▶ _PROVIDED MATERIAL_
──────────

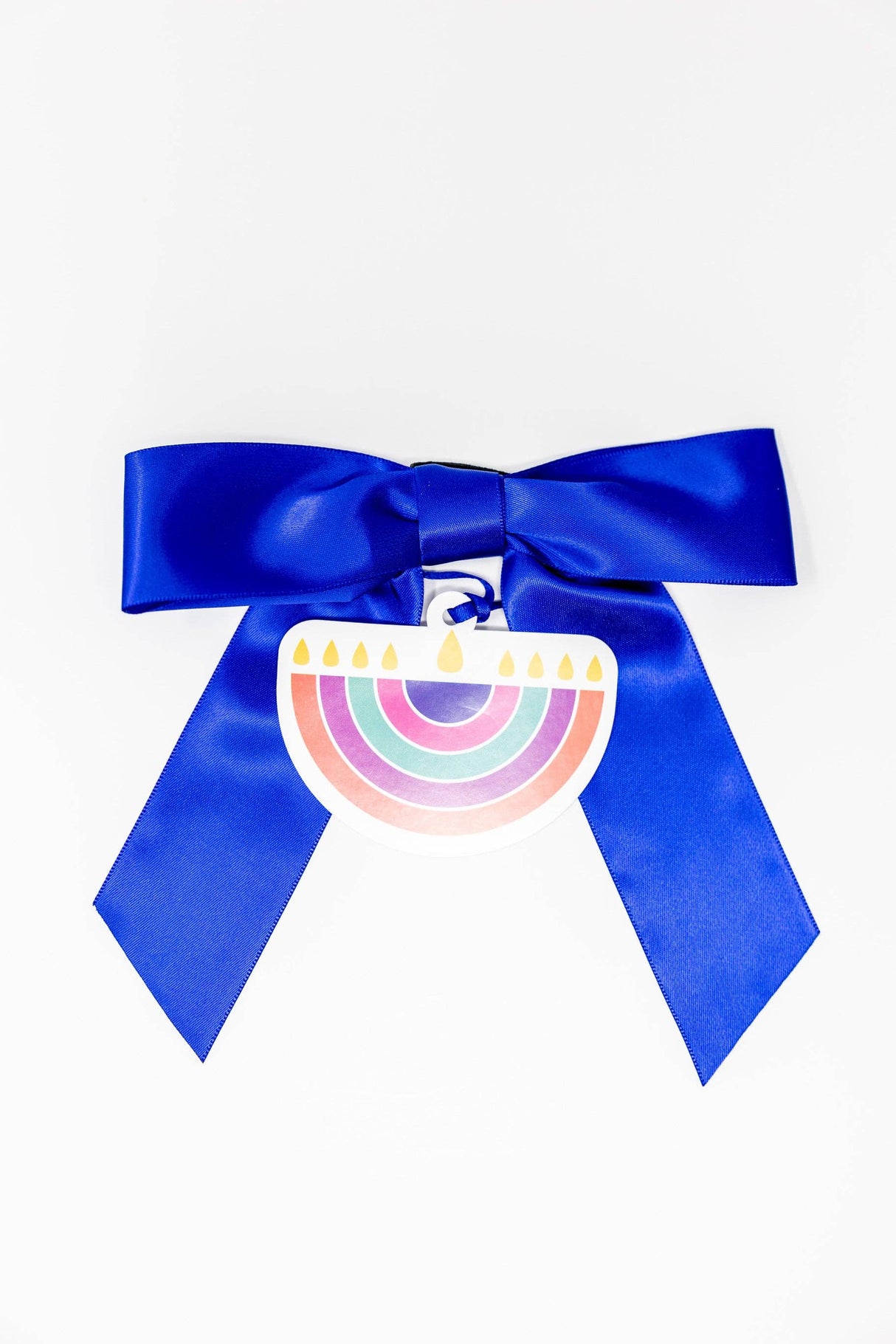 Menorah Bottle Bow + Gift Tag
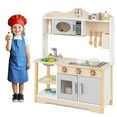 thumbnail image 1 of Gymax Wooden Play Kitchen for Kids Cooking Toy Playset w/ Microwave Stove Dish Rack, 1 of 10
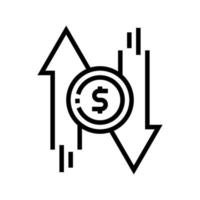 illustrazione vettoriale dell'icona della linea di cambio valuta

──────────

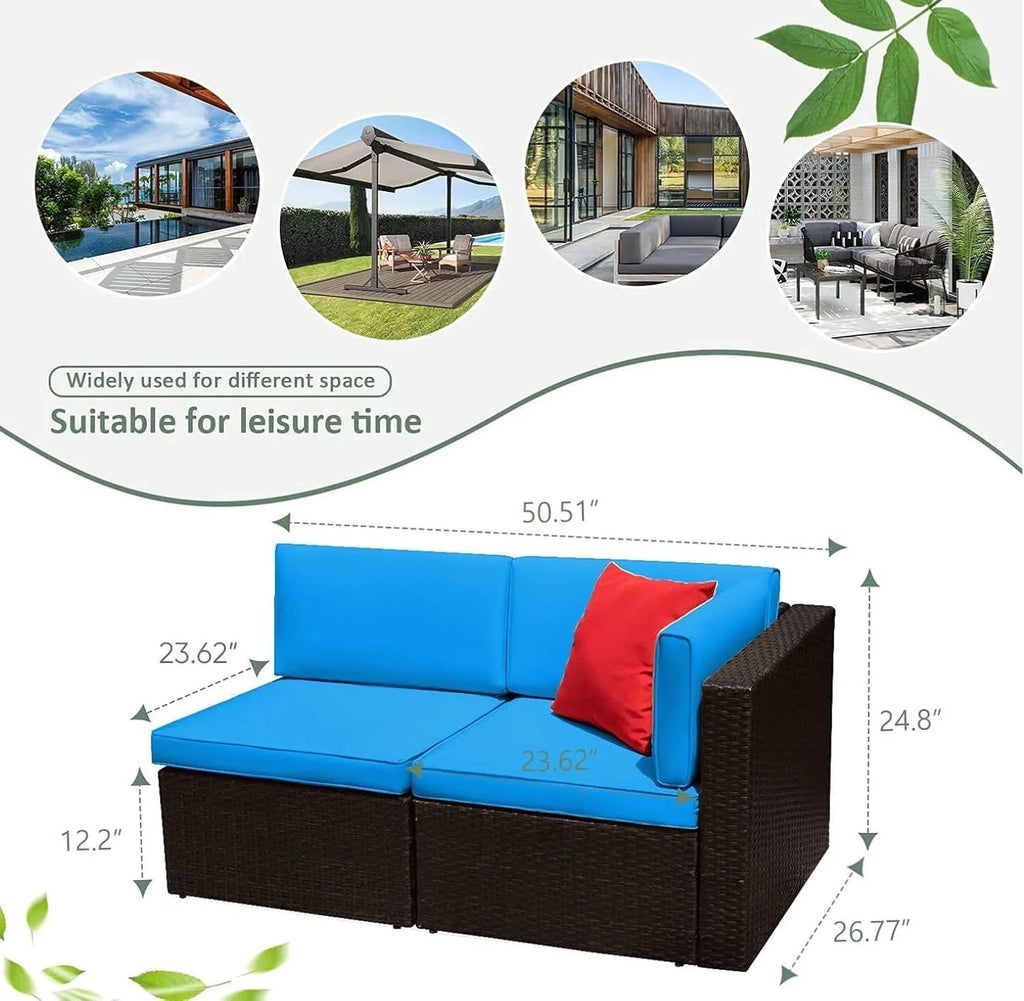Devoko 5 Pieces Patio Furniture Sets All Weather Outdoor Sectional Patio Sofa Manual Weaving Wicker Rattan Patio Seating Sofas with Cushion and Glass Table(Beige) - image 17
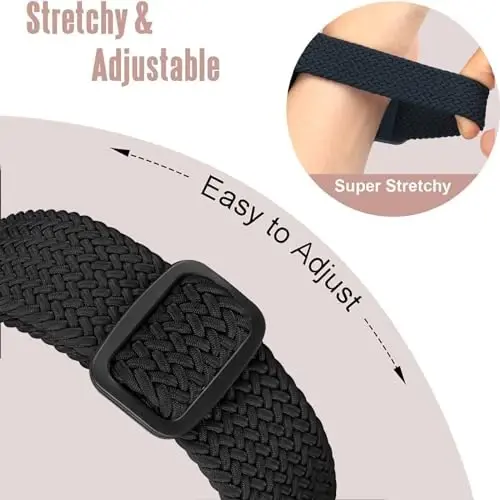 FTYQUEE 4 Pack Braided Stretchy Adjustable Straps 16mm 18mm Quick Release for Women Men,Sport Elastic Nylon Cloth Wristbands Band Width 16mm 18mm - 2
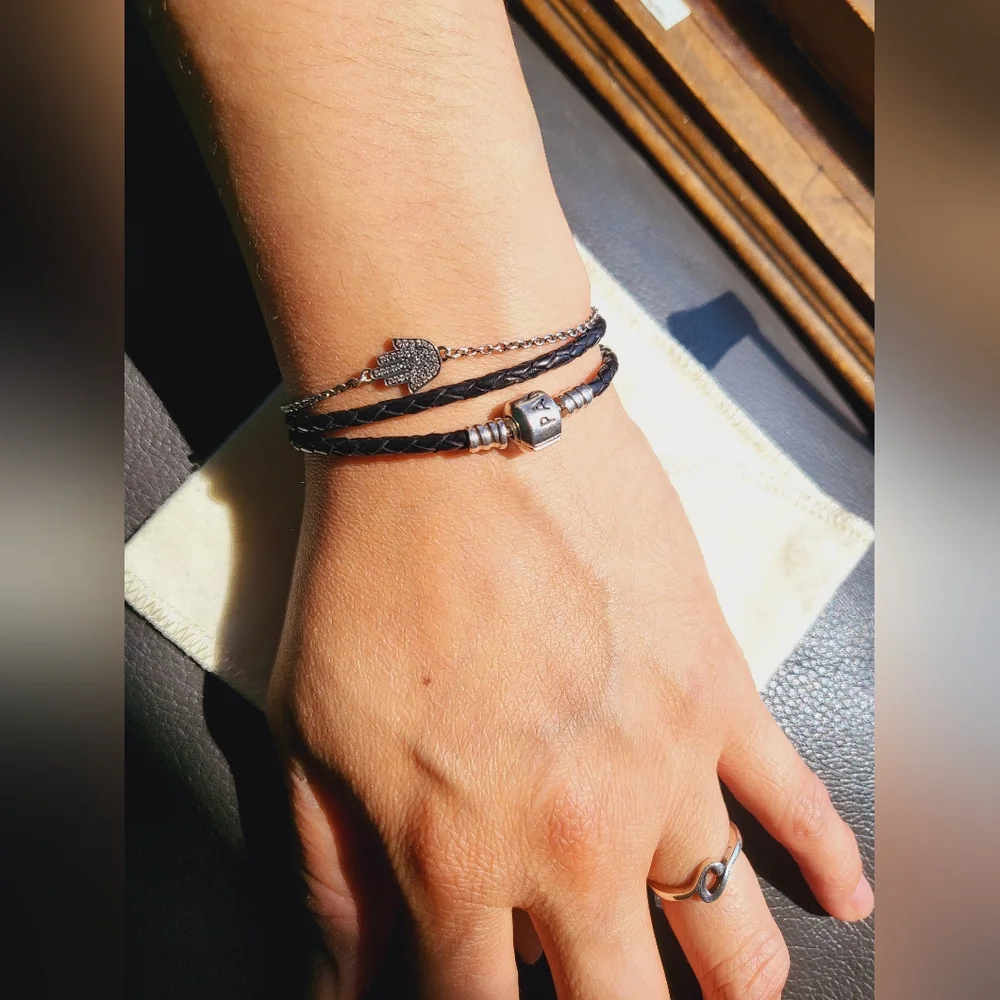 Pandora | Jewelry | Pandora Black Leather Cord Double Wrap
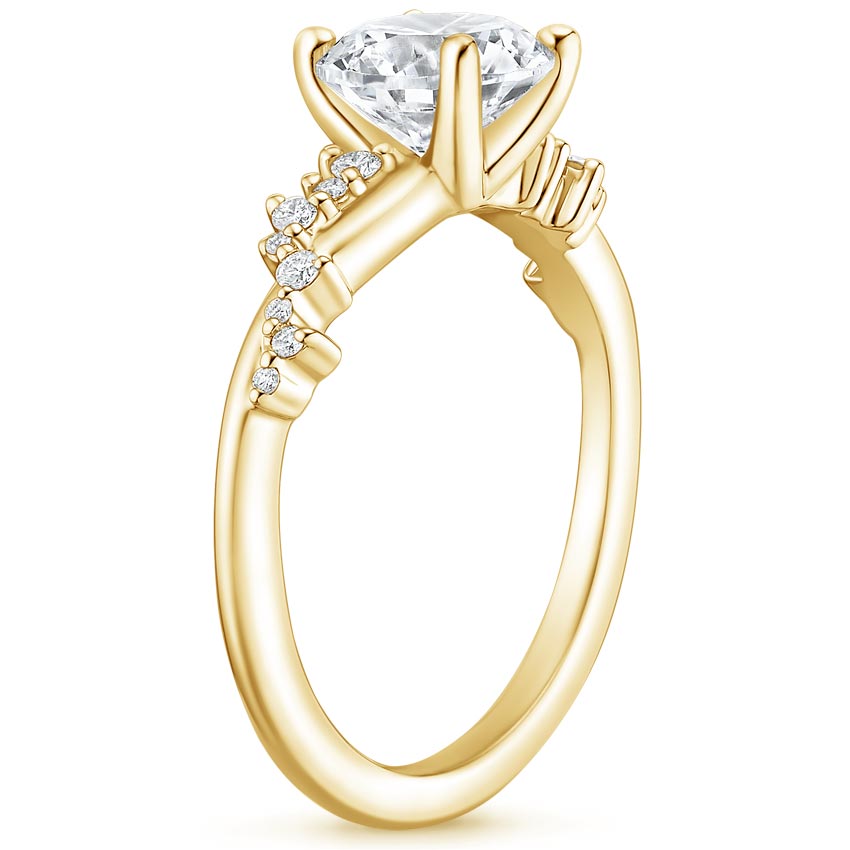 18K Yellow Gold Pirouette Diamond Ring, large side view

──────────

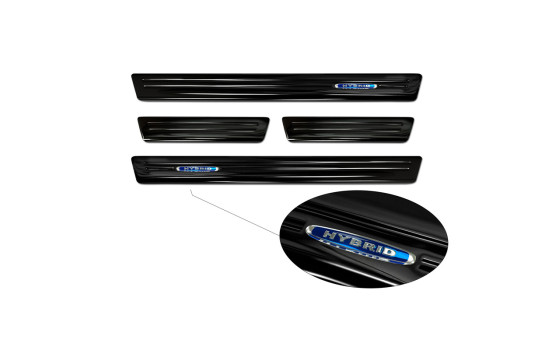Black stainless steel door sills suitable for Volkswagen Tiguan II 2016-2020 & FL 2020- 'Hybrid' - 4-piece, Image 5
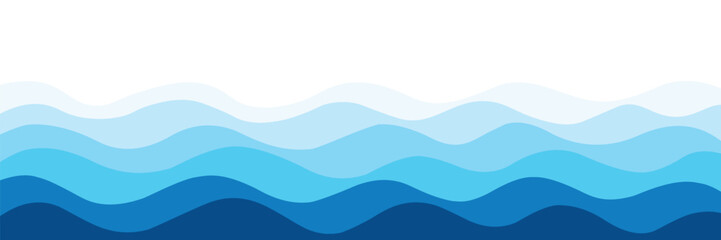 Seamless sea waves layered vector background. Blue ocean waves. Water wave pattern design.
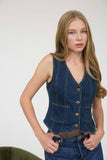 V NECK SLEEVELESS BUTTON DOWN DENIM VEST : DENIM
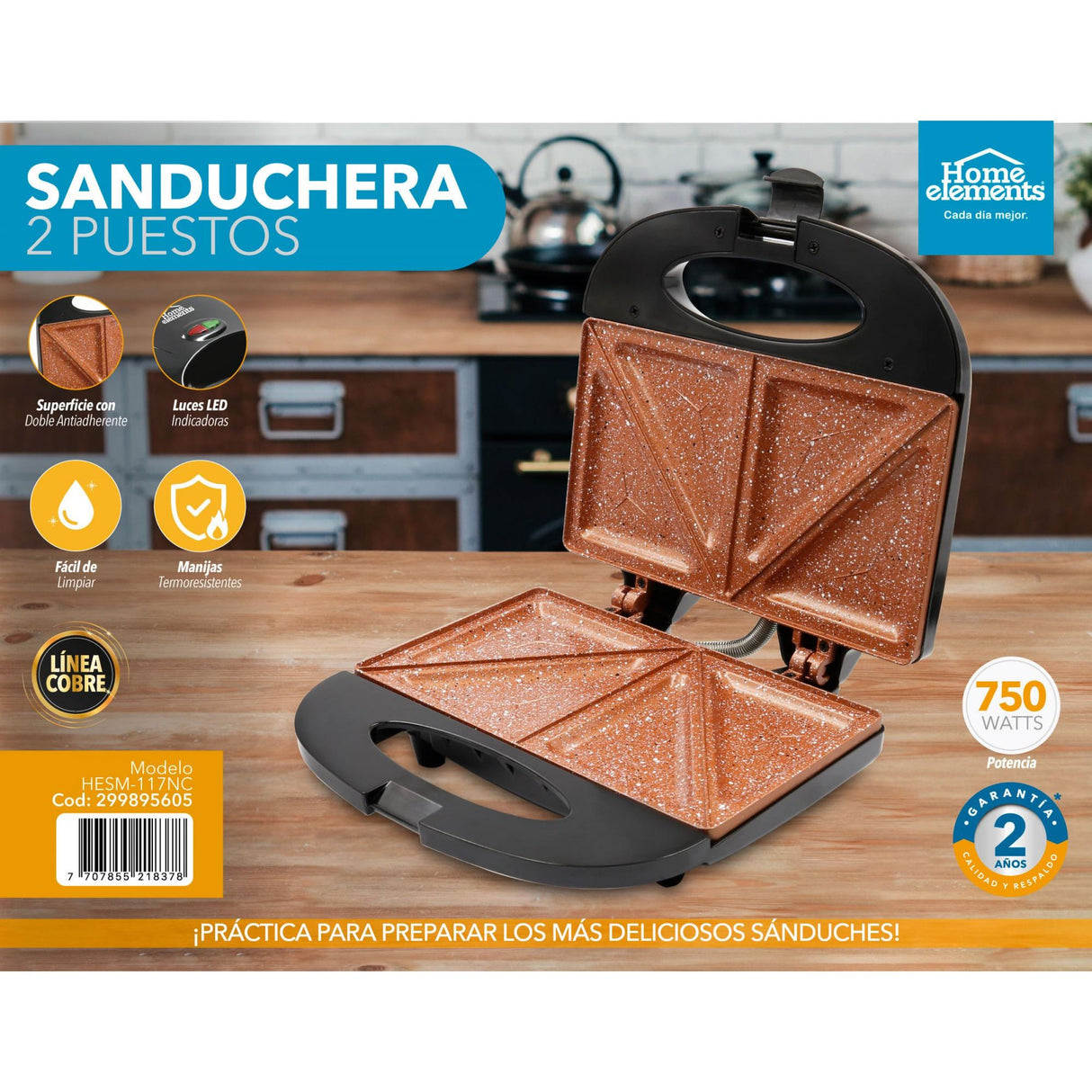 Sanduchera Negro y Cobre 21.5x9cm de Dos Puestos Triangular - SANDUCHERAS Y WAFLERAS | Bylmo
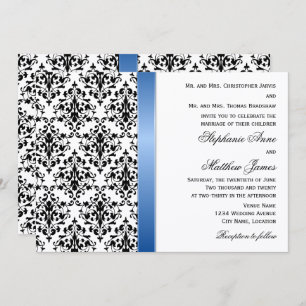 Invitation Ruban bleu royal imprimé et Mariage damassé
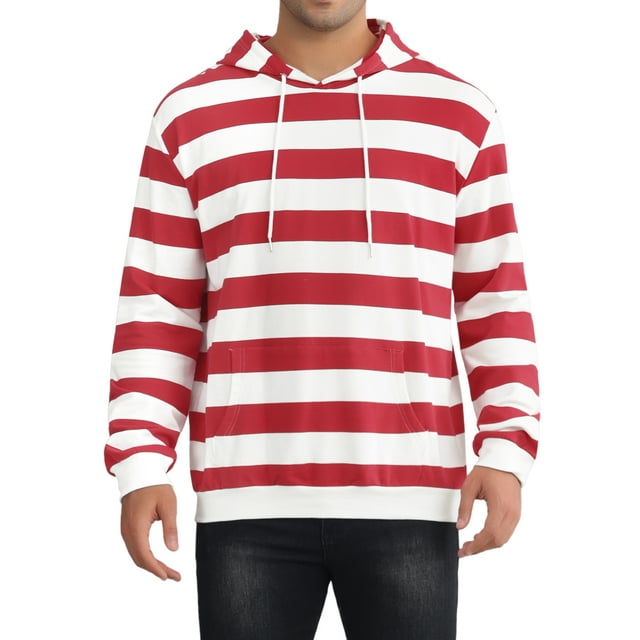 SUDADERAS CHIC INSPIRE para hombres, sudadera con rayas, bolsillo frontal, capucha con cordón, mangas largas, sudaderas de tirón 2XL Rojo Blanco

──────────

▶ _YOUR GOAL_
Above this task is a listing with pictures in it. Retype only the lines from the one containing "Menorah Bottle Bow + Gift Tag" through the one containing "illustrazione vettoriale dell'icona", both included, and not the pictures.

▶ _WRITTEN RESPONSE_
 Menorah Bottle Bow + Gift Tag
 thumbnail image 1 of Gymax Wooden Play Kitchen for Kids Cooking Toy Playset w/ Microwave Stove Dish Rack, 1 of 10
 illustrazione vettoriale dell'icona della linea di cambio valuta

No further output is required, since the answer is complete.